English workmen must have learnt much from the foreigners, of whom they were so jealous, and have turned their lesson to account when Henry VIII.'s quarrel with the Pope, the subsequent change of religion, and the impoverishment of England at Henry's death, helped to drive Italians away. That it was not easy to change from Gothic to classical ornament, the halting design of Gardiner's hybrid chantry in Winchester Cathedral gives a plain indication. If we look at an Italian cassone, such as that very ornate one, No. 3625, in the Victoria and Albert Museum, we find that the mouldings of its lid are worked with the acanthus leaf, such as it is found on the corbel-shaped brackets of English cabinets, bedsteads, and chimney pieces. On the edge of the lid is a form of the reed and flute, with the dart included, somewhat similar to that on a string-course of Kirby Hall, Northants, and more elaborate than one which runs over the windows of Apethorpe in the same county. The front of the chest has a bold scroll-and-leaf pattern, with masks at the ends, and will remind us of the panelling of the Exeter room in the same museum.

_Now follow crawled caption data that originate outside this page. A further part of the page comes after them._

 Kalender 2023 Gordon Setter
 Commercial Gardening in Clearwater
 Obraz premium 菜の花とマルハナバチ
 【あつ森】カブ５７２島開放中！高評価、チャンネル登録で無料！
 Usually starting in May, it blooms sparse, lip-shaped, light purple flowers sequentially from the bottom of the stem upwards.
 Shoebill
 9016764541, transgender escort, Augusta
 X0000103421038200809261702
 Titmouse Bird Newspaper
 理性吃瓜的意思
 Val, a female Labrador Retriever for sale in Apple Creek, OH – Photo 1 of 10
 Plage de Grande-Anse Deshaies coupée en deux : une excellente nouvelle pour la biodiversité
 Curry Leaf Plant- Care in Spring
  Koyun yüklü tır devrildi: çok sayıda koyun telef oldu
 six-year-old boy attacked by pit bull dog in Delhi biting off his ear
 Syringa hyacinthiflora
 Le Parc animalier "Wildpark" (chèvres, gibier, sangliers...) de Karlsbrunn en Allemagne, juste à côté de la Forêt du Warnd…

The cushioned plinth of the chest has radiating voluted shapes, more beautiful than, but still resembling, the usual gadroons of the legs and frames of English long tables and the legs of beds. Its corners are treated with the acanthus exactly as that is found to vary the end of the cabinet drawers or the framing of a table. Finally, between the massive supporting lions which form the feet is a central ornament, composed of S-shaped curves on each side of a satyr mask. These same S-curves, with often a mask between them, form the top of the back in scores of English solid-backed oak chairs. There is in the museum a Venetian chair elaborately carved, and of the peculiar general shape which confined itself to Italy, fortunately for our comfort not commending itself to England. In this the S-curves are a prominent object. There is in the same place another Venetian chair (No. 1538), with spiral-turned legs and stretchers and straight back, the type of which did, later on, for its simple utility, become very prevalent in England when Cromwell was Protector. This is upholstered on seat and back with Venetian brocade, the ornament of which is these same S-curves as they appear upon hundreds of panels of English oak.
The figures, male and female, on many English beds and chimney pieces, with terminal 1. shapes below, are also Italian in origin, but perhaps we derive some of them through Flemish and German channels. At any rate, in most of our English work they have a grotesque portliness which is scarcely classical.
1 Date of his coming to England.
2 Plate xv.

Plate XV. Oak Panelling From Exeter 1600 Circa.
xv. Oak Panelling, from Exeter. 1600 circa. V. & A. M.